The court, Talwani added, intends to take any necessary further action upon review of the schedule, for which plaintiffs may submit a response “no later than 14 days” after it's filed.

The case began in 2016 when a complaint was filed on behalf of the American Academy of Pediatrics and other groups that partake in health or anti-smoking efforts. Representing plaintiffs in the effort along with Anderson & Kreiger partner Scott Lewis was Mark Greenwold, a consultant for plaintiff Campaign for Tobacco-Free Kids, admitted pro hac vice.

“We didn't realize at the time we brought the lawsuit how little the FDA had done and the fact that instead of developing graphics for the textual warnings … they decide to take several years to rewrite the text. And that came out after we filed the lawsuit,” Greenwold told the NLJ. “They had every chance to move forward, and we found out after we filed the lawsuit they were years and years away, and they weren't even developing graphics they were required to use.”

The FDA's trial attorney, Daniel Crane-Hirsch of the U.S. Department of Justice, didn't respond to a request for comment, nor did plaintiffs attorney Lewis.

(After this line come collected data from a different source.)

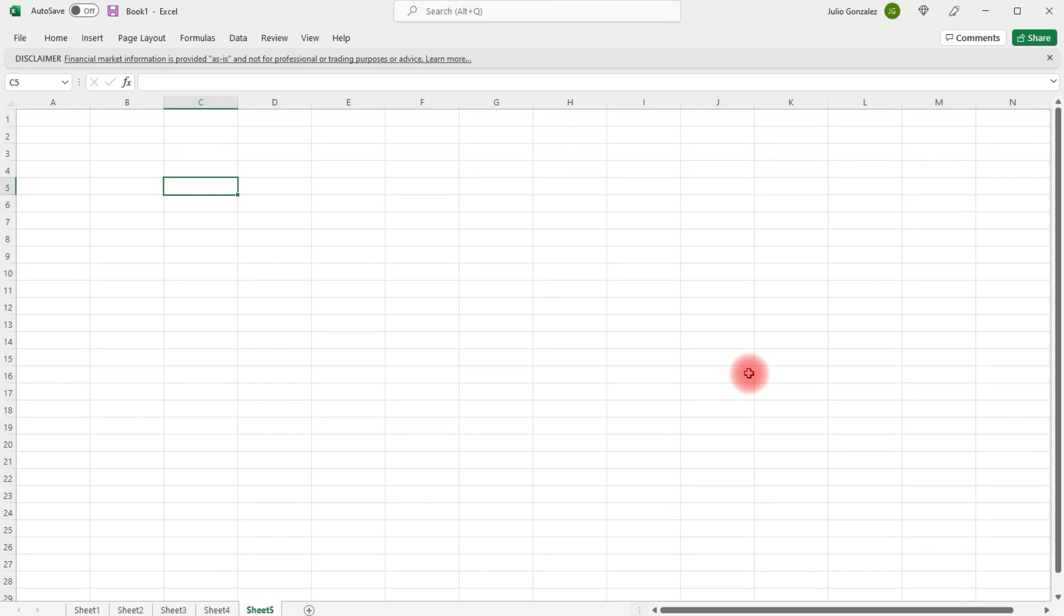In this video, we're going to talk about how to use the autofill feature in Excel. The first thing that you can do with this feature is you can make a list of numbers.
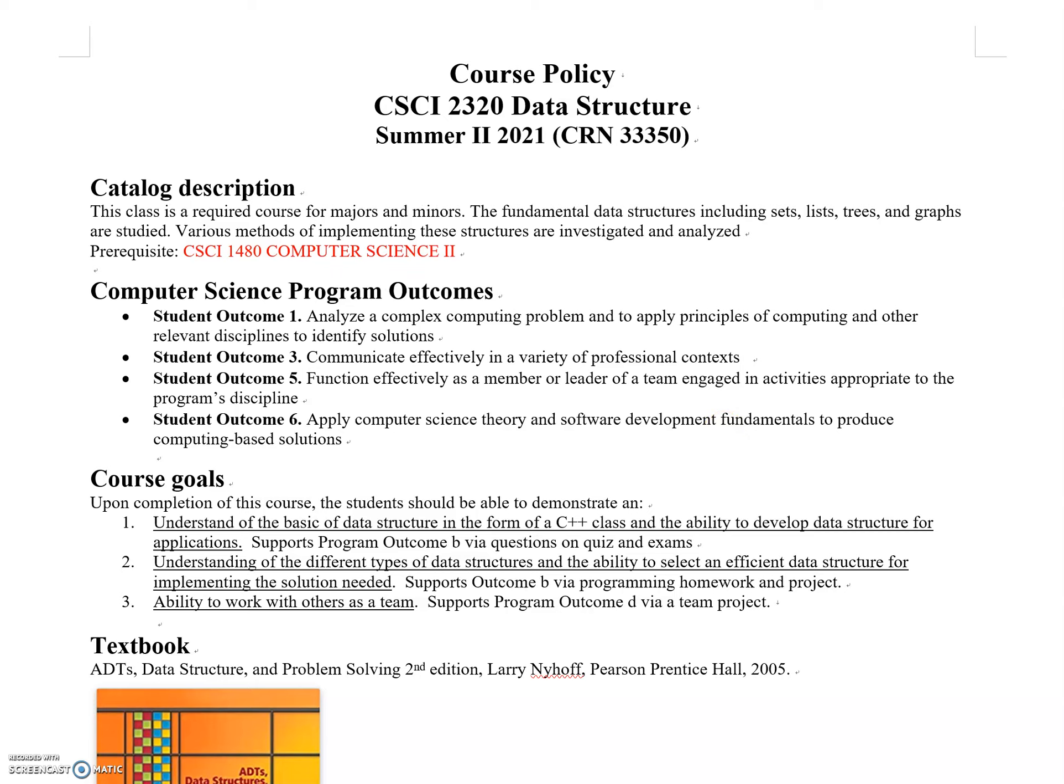Hey guys, welcome to the CSCI 2320 Data Structure class in summer 2021. The course you're taking is CRN 33350. This is about data structures and is probably one of the most important computer science courses you'll ever take.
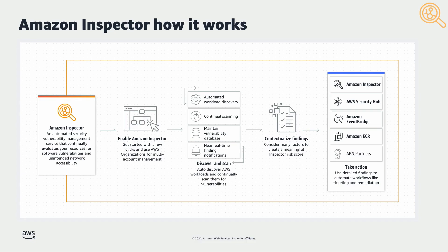Amazon Inspector provides management APIs for comprehensive, programmatic access to your Amazon Inspector account and resources. You also have access to detailed findings in Amazon EventBridge and through AWS Security Hub integration.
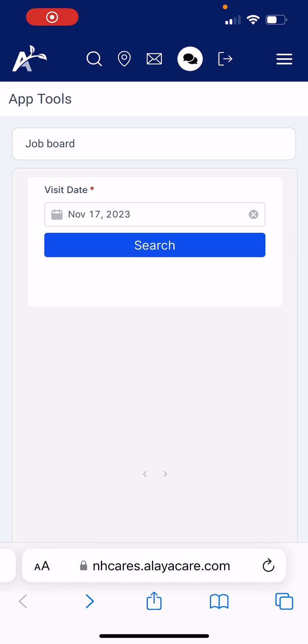Hi everyone, I'm really excited to share this AliaCare feature called the Job Board. This is where you will be able to search for and request your own shifts.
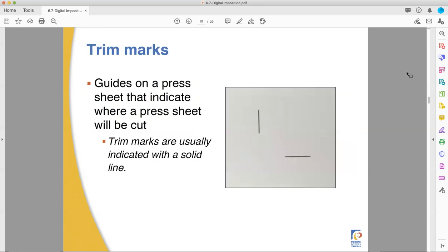Trim marks. I always have you output your PDFs with trim marks. It's a good practice. It tells people where you're going to cut, and it helps you make sure visually at a glance that you used your bleed properly. They're normally indicated with a solid line, and they're typically offset away from where you cut. The trim marks are outside the area that's going to be used, but they line up with the edges.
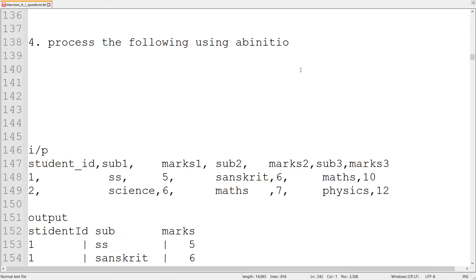We'll cover one more kind of question which is normally asked in Ab Initio interviews. We'll see an even scenario and think about what components and what process of Ab Initio can be used to solve this type of question.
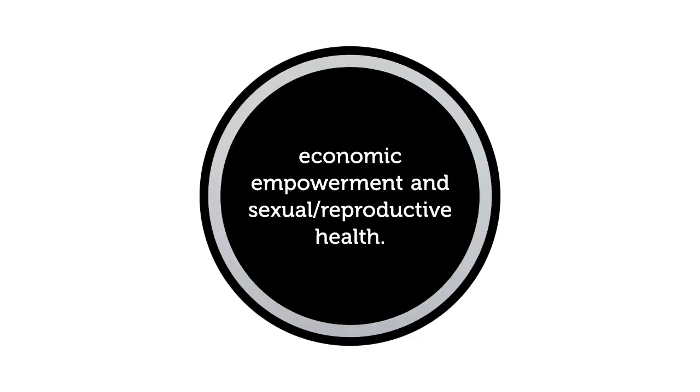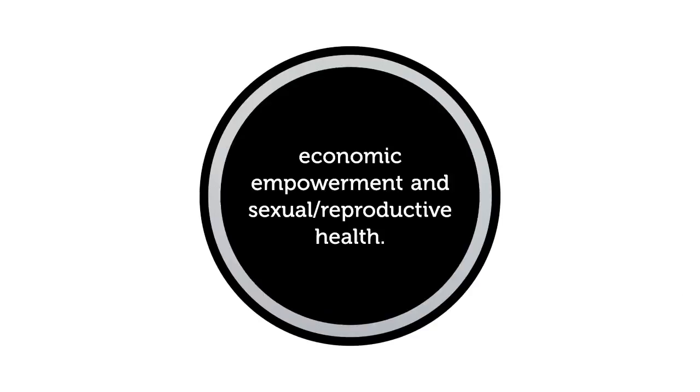The council also works with partners and donors to carry out programs in youth participation, economic empowerment, and sexual reproductive health.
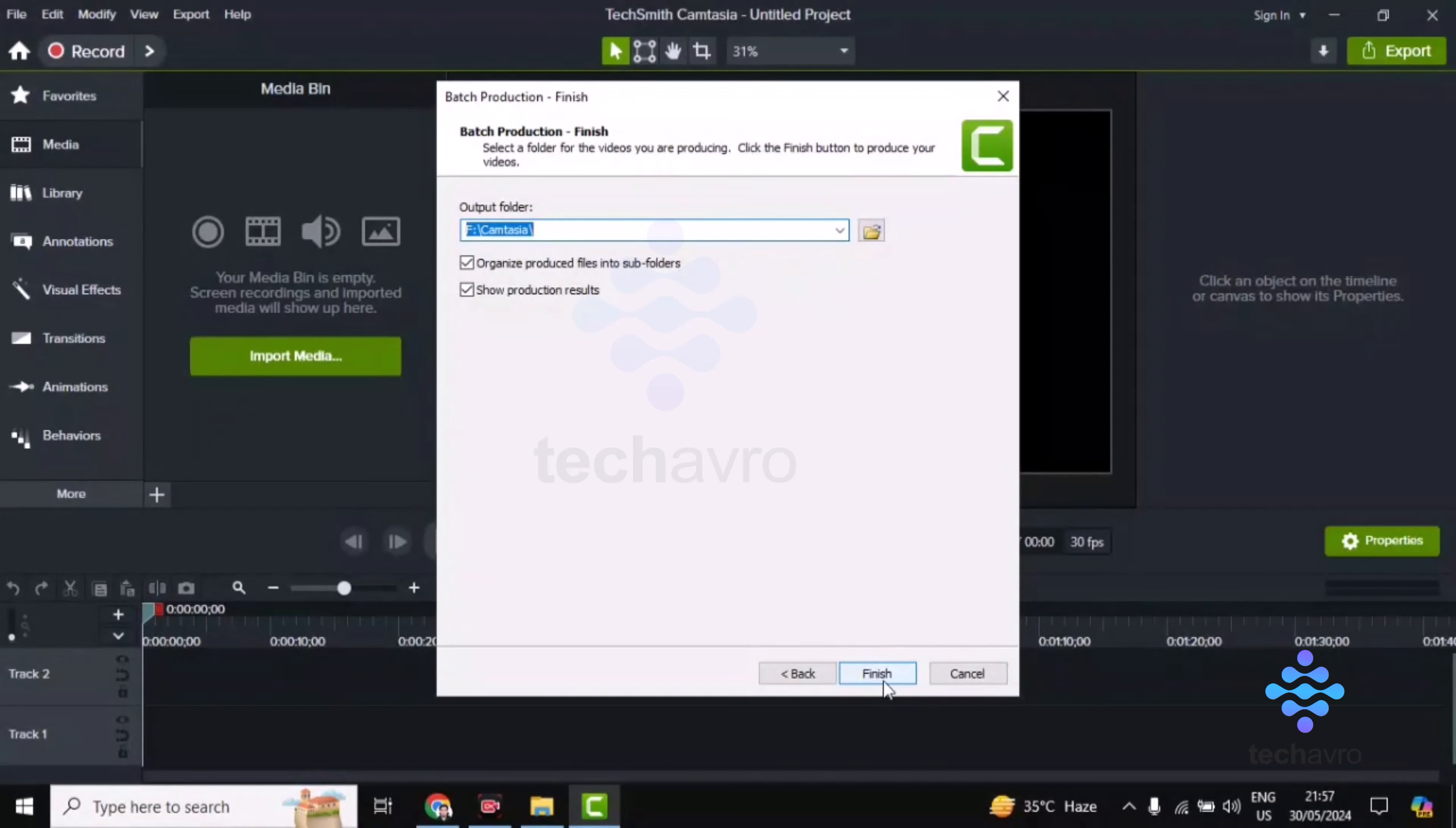You can see here the Finish button. Click on Finish and it will start rendering the multiple projects.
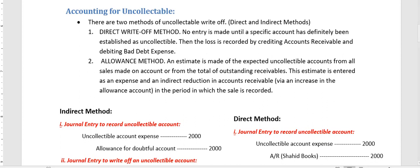Hello ladies and gentlemen, this is Usman Ali and we will discuss accounting for uncollectibles in this video. The purpose of offering credit sales to customers is to encourage them to buy our product because it increases our revenue, but on the other side it also increases the risk of uncollectibles — meaning there is always a risk that we may not be able to recover all or part of the money from the customer. We call that uncollectible or bad debts.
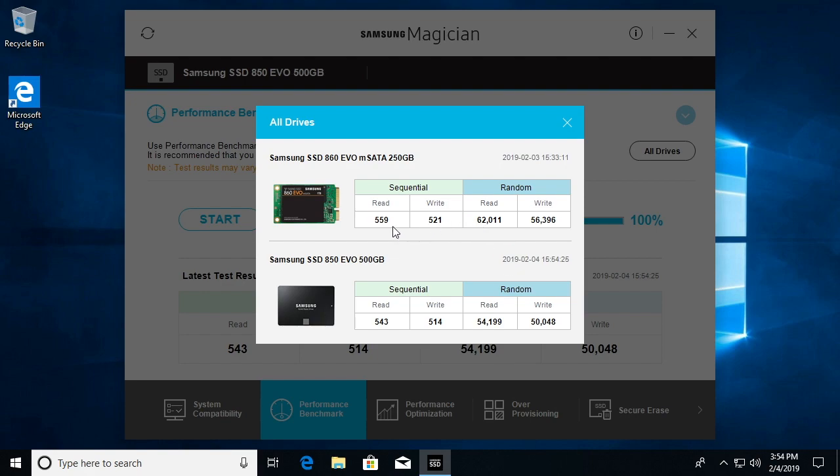It looks like we have sequential read on the mSATA at 559 and on the 850 at 543, so they're pretty close. Then write is 521 versus 514, so those are also pretty close.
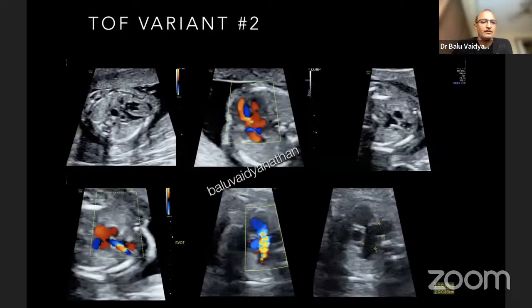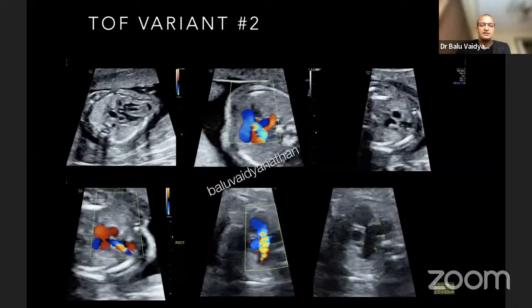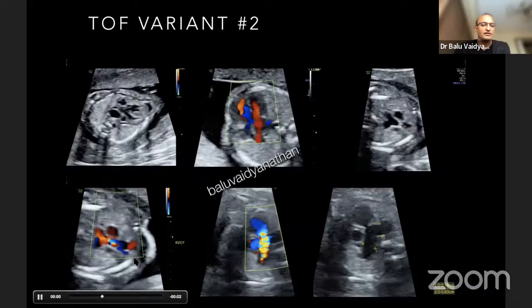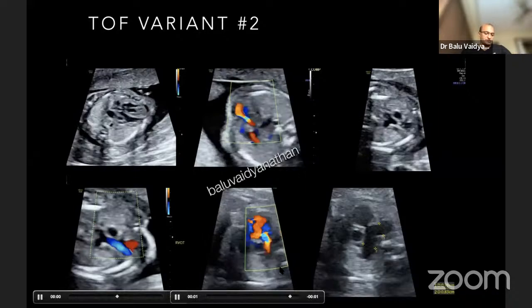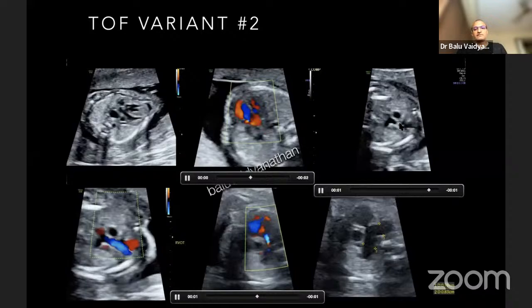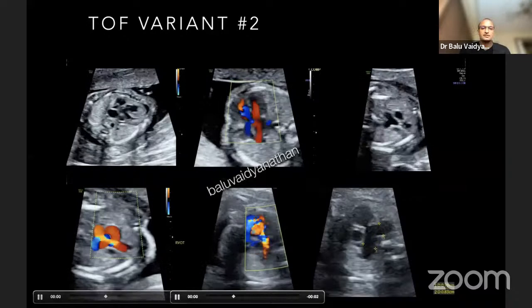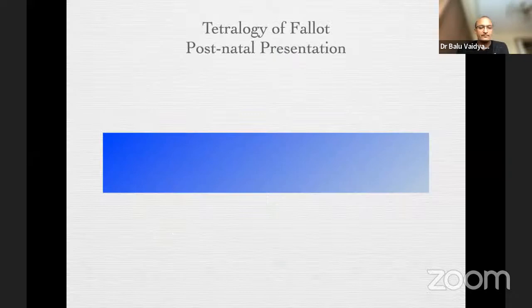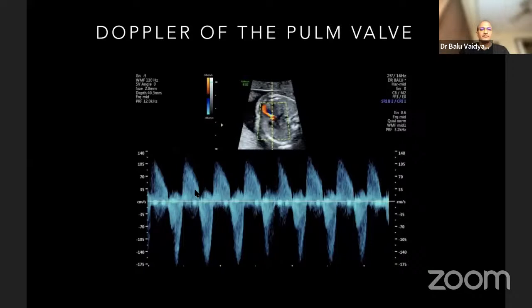Another example of TOF: there is an overriding aorta, and when you look at the pulmonary artery outflow, you find this very characteristic picture of a to-and-fro flow into the pulmonary artery — both stenosis and regurgitation. The pulmonary arteries are enormously dilated. There is a dysplastic pulmonary valve with both stenosis and regurgitation and dilated pulmonary arteries. The Doppler of the pulmonary valve shows both systolic and diastolic flow — pulmonary stenosis and regurgitation. This is an example of tetralogy of Fallot with absent pulmonary valve, a variant of tetralogy.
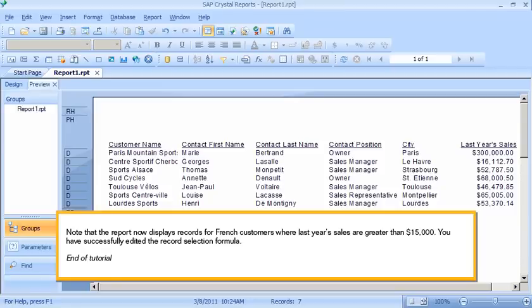You have successfully edited the record selection formula. This is the end of the tutorial.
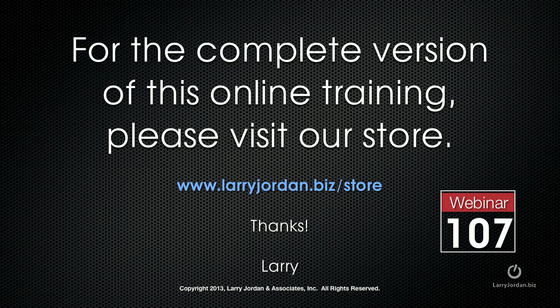This has been an excerpt of a recent PowerUp webinar taking an in-depth look at Adobe Media Encoder. For the complete version of this online training please visit our store at larryjordan.biz slash store and look for webinar 107.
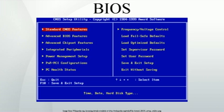The actual key depends on specific hardware. In the BIOS setup utility, a user can configure hardware, set the system clock, enable or disable system components, select which devices are potential boot devices, and set various password prompts — such as a password for securing access to the BIOS user interface functions itself and preventing malicious users from booting the system from unauthorized peripheral devices.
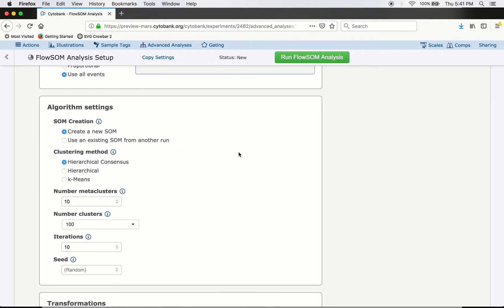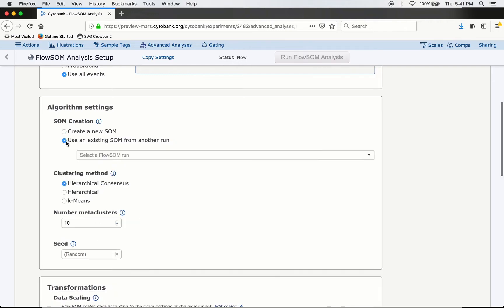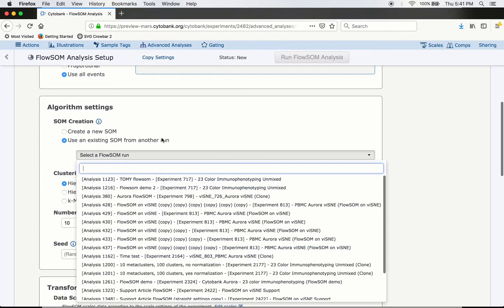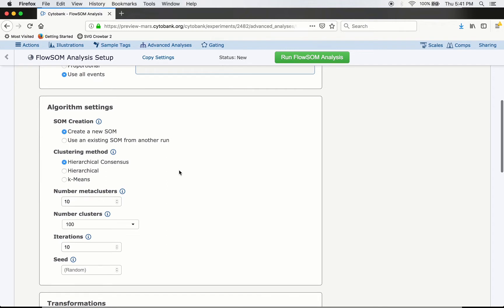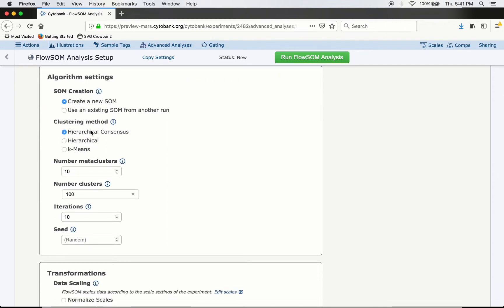This next section covers the settings to tweak the algorithm. First, do you want to create a new self-organizing map or use an existing one from a previous run? If you have previous FlowSOM runs using the same panel, you can select any of those. I'll create a new one for this tutorial. Next is the clustering method — by default we use hierarchical consensus clustering, which is robust and recommended. You can use other clustering methods if advised by a computational biologist, but hierarchical consensus is a great default.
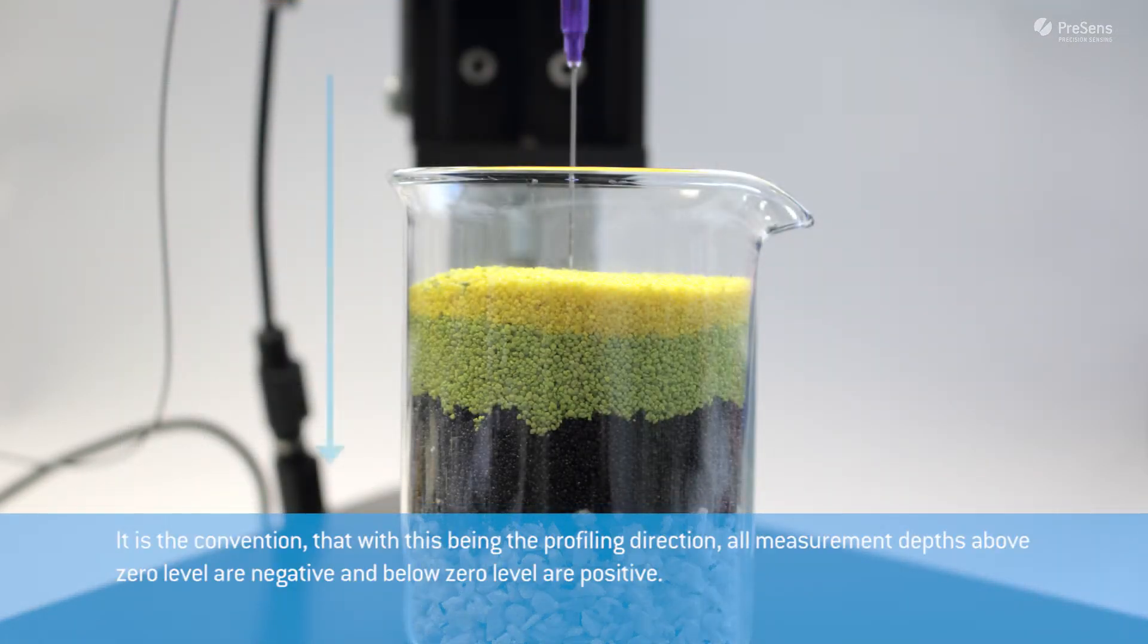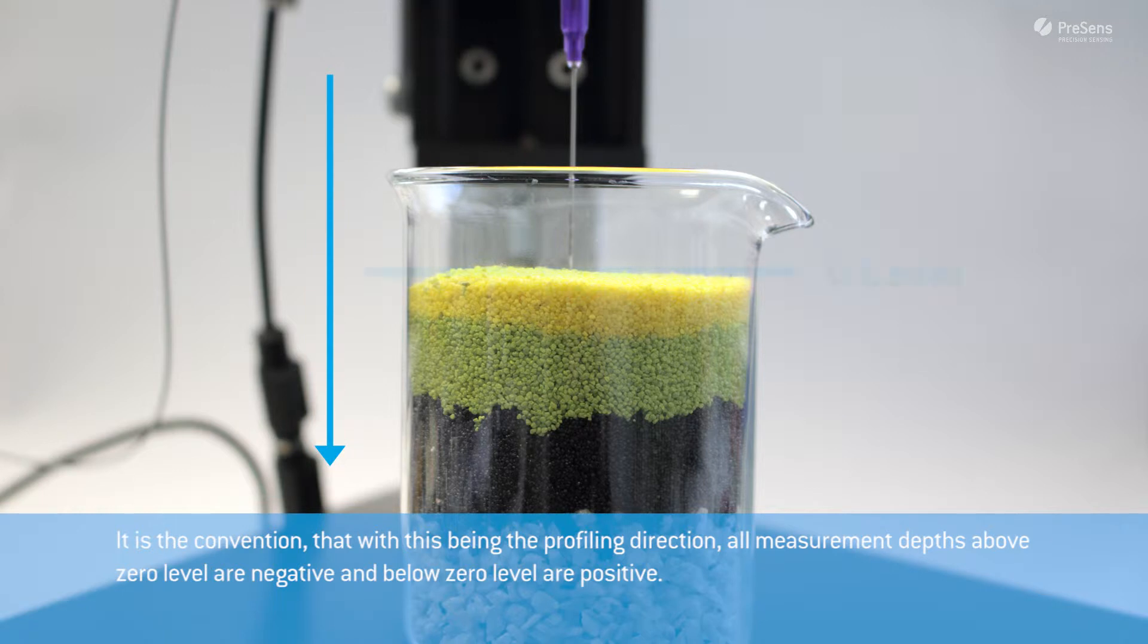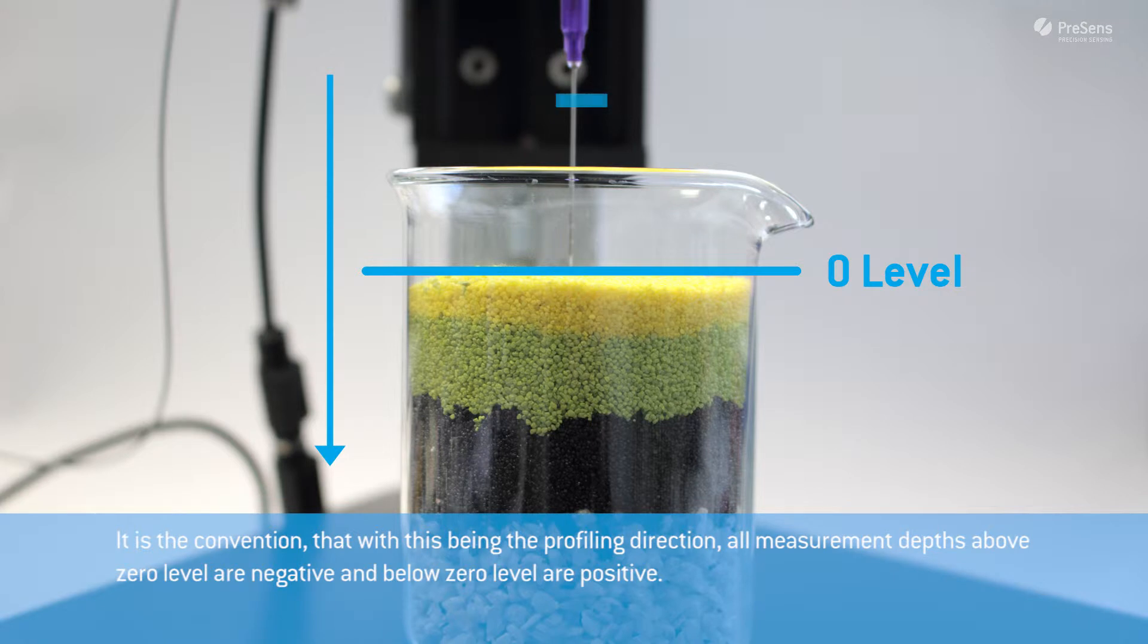It is convention that with this being the profiling direction, all measurement depths above zero level are negative and below zero level are positive.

Tobacco companies challenged the Tobacco Control Act on two separate occasions. The first was in the U.S. Court of Appeals for the Sixth Circuit, where the court in 2012 rejected the companies' facial challenge to the packaging rules. In the second, however, the D.C. Circuit vacated prior graphic warning requirements. Then-Attorney General Eric Holder in a letter to Congress said the FDA planned to undertake research for new graphic warnings and seek review of the D.C. Circuit decision. The FDA then worked with outside consultants to come up with an image and new warning statements, conducting qualitative testing on them in 2015, and set to recruit focus groups for testing in early February. However, the FDA identified additional steps that would take three years to complete.

In the case presided over by Talwani, plaintiffs argued the FDA “unlawfully withheld” action by “unreasonably delaying” the issuance of such warnings via their timeline, with the court finding that they're entitled to relief under either argument. Regarding “unlawfully withheld” specifically, plaintiffs argued that Congress' previous establishment of a “firm, enforceable deadline” for rule issuance and the FDA's failure to meet it compelled agency action, and requested that the court apply a previous Tenth Circuit ruling that sets a distinction between unlawfully withheld and unreasonably delayed, contingent on “whether Congress imposed a date-certain deadline agency action.”

“The court concluded that in the absence of a new rule more than four years past Congress' deadline, the agency 'unlawfully withheld' a new rule,” Talwani wrote. “Here, the FDA's duty to promulgate a rule is non-discretionary,” she noted, adding that the law required the issuance of regulations over the cigarette package graphics no later than 24 months following June 22, 2009.

The FDA for its part asked the court to apply “TRAC factors”—factors set forth in a Telecommunications Research and Action Center case against the FCC—to demonstrate the agency didn't unreasonably delay rule promulgation. However, Talwani said the court “finds that even utilizing the TRAC factors,” the agency “has 'unreasonably delayed' in promulgating a final rule,” describing its current trajectory as “extraordinary.”

“The FDA, of its own accord, decided to revise the texts for two years and delay work on the images until 2015,” Talwani wrote. “Moreover, even more troubling is the gaps of time where little to no work was completed on the graphic images. From 2013 to 2015, the record does not indicate any work on the graphic images. Aside from the drawings completed by the certified medical illustrator, the record does not indicate any work on the images from June 2016 to October 2017.”

Plaintiffs attorney Greenwold noted that while his side didn't believe TRAC factors “ought to be applied” in this case, they did believe the factors might actually work in their favor.

“We thought if you did apply them, we'd certainly win,” he said. “And that's exactly what the court ruled.”